### Exercise directions
Stop at the line containing "Máy hút bụi": repeat exactly every line of the entries below from the first up to it, plus that line, with pictures omitted.

(Stored entries)
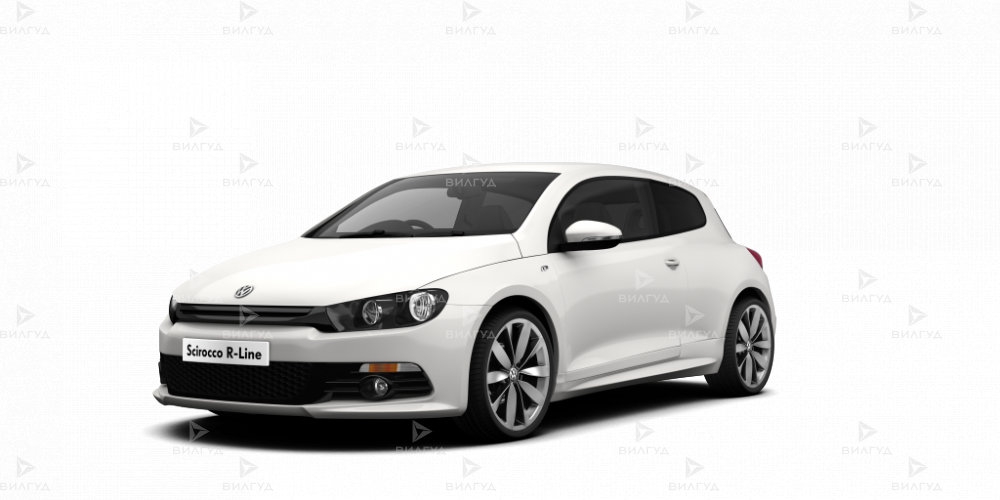 Техническое обслуживание Volkswagen Scirocco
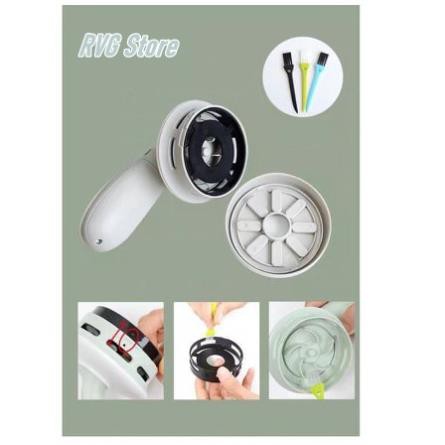 Máy hút bụi mini cầm tay, tiện dụng trong văn phòng, oto, gia đình, tặng kèm đầu hút nhỏ và chổi quét, mẩu mới 2020 | BigBuy360 - bigbuy360.vn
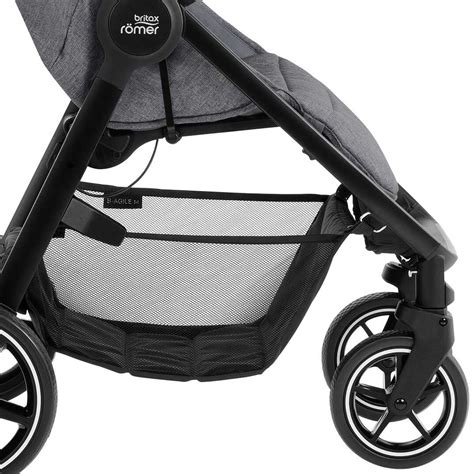 Britax Römer B-Agile M – прогулочная коляска с большим капюшоном ...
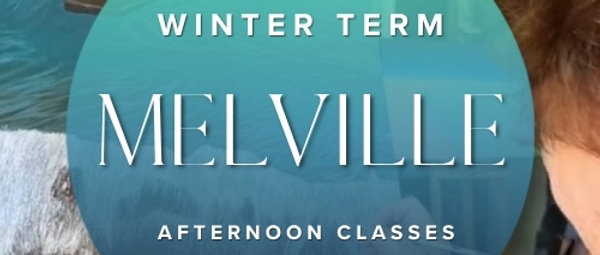 Winter Term Melville Afternoon Painting Class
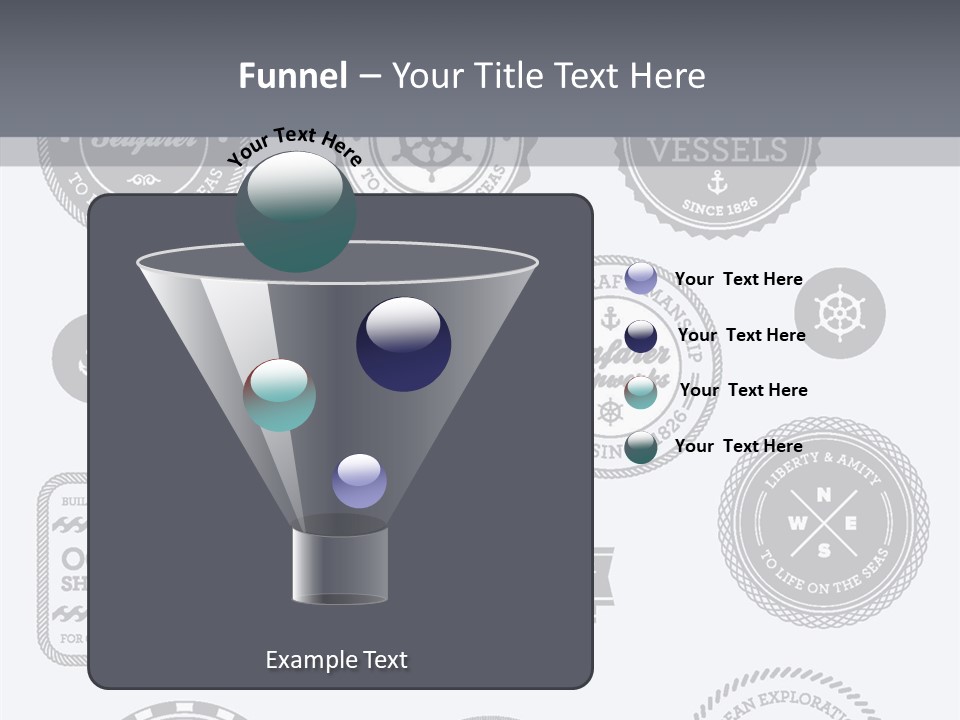 Ocean Quality Symbol PowerPoint Template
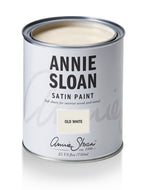 Old White Annie Sloan Satin Paint (750mL)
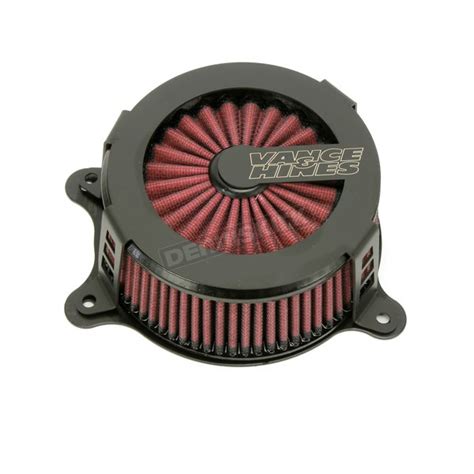 Vance Hines Black Cage Fighter Air Cleaner 40366 Harley Davidson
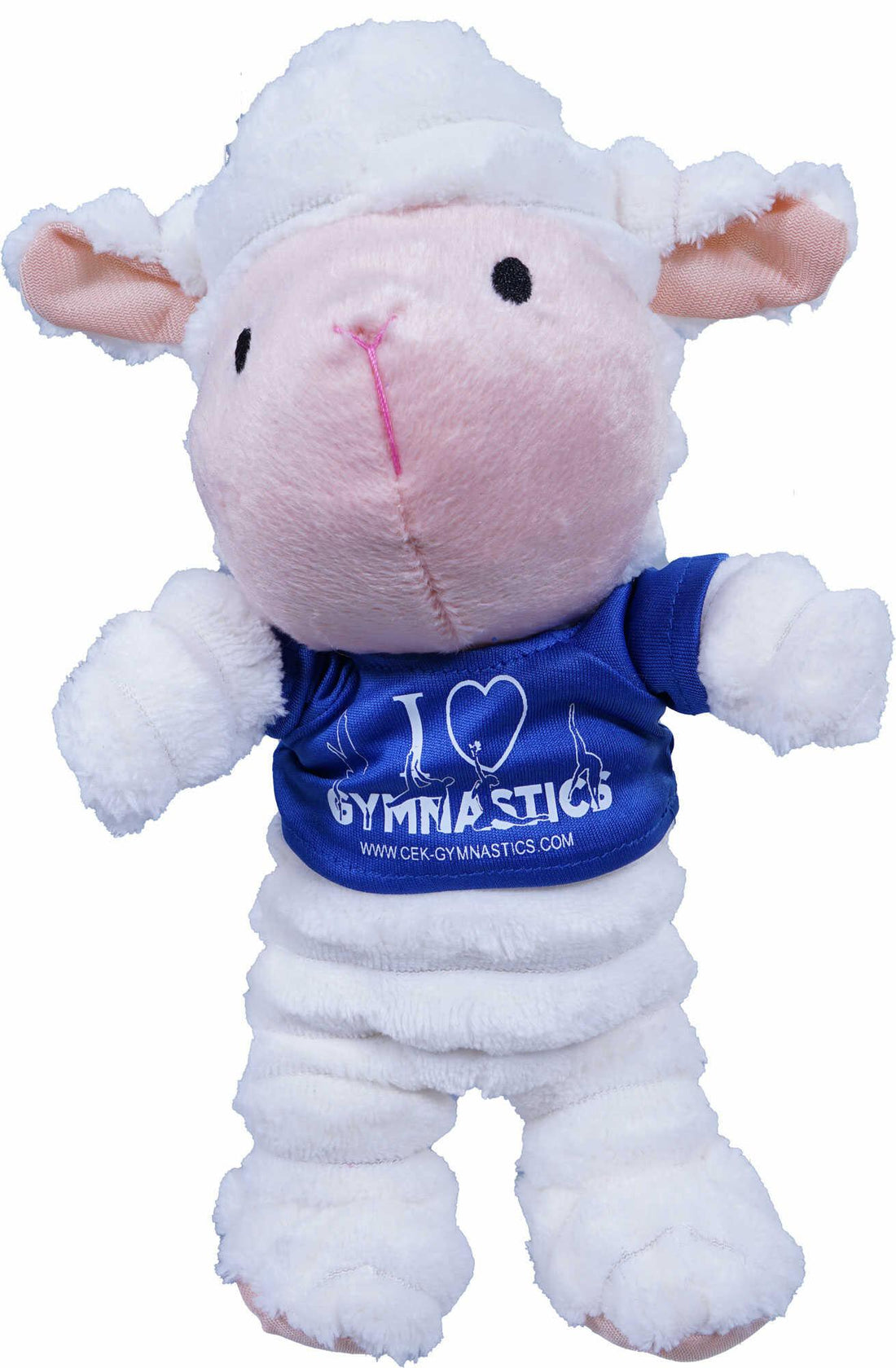 Sheep cuddly toy with promo t-shirt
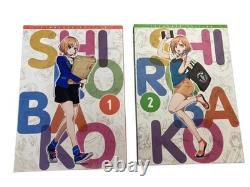 SHIROBAKO Blu-ray Box Set Standard Edition, All 2 Volumes, P.A. WORKS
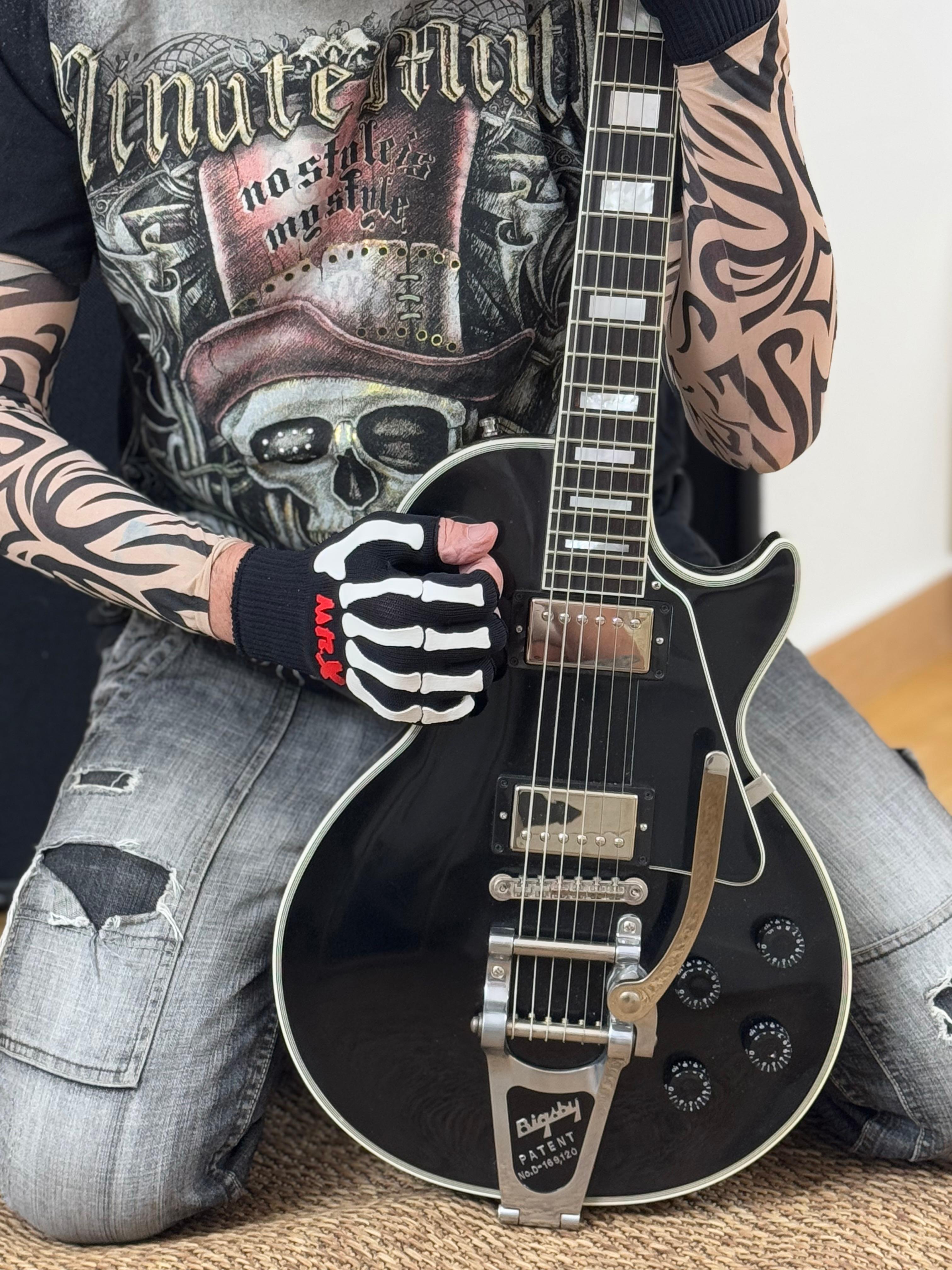 Gibson Les Paul Custom Black Bigsby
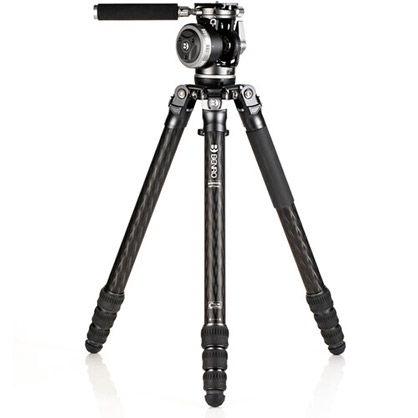 Benro Mammoth TMTH44CWH15 Carbon Fibre Tripod Kit with WH15 Wildlife Tripod Head - Best Available Image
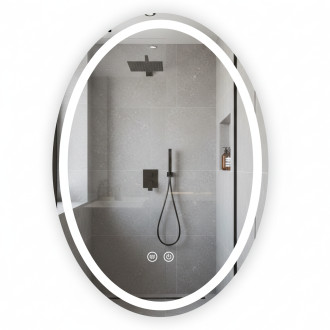 REA Zrcadlo LED Marco 50x70 cm HOM-00900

### Output of the task
 Техническое обслуживание Volkswagen Scirocco
 Máy hút bụi mini cầm tay, tiện dụng trong văn phòng, oto, gia đình, tặng kèm đầu hút nhỏ và chổi quét, mẩu mới 2020 | BigBuy360 - bigbuy360.vn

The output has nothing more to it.